» **Your task**: Only text belongs in your copy of the listing below; reproduce it exactly and leave out the pictures.

» **Data excerpt**:

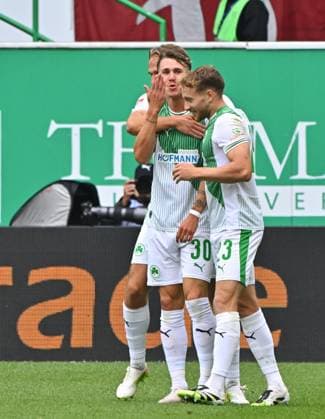 03 08 2025 Soccer Season 2025 2026 2 Soccer Bundesliga 01 Matchday SpVgg Greuther Fürth Kleeblatt SG Dynamo Dresden SGD Sportfoto Zink MeZi xmexzix DFL regulations prohibit any use of photographs as image sequences and or quasi video only for editorial use Torjubel Jubel Freude nach Treffer Torschuß zum 2 0 durch Felix Klaus 30, SpVgg Greuther Fürth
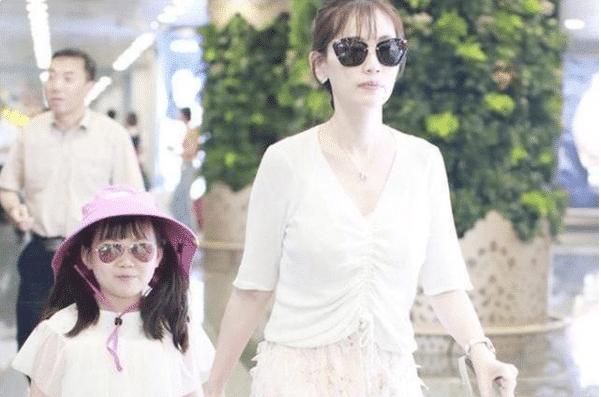 王宝强|王宝强离婚4年，跟前妻一人带一娃，如今兄妹俩人差距明显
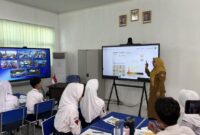 1763358618719-penggunaan-smartboard-di-smpn-4-bekasi-evadetikcom-1763355888389_169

» **Written solution**:
 03 08 2025 Soccer Season 2025 2026 2 Soccer Bundesliga 01 Matchday SpVgg Greuther Fürth Kleeblatt SG Dynamo Dresden SGD Sportfoto Zink MeZi xmexzix DFL regulations prohibit any use of photographs as image sequences and or quasi video only for editorial use Torjubel Jubel Freude nach Treffer Torschuß zum 2 0 durch Felix Klaus 30, SpVgg Greuther Fürth
 王宝强|王宝强离婚4年，跟前妻一人带一娃，如今兄妹俩人差距明显
 1763358618719-penggunaan-smartboard-di-smpn-4-bekasi-evadetikcom-1763355888389_169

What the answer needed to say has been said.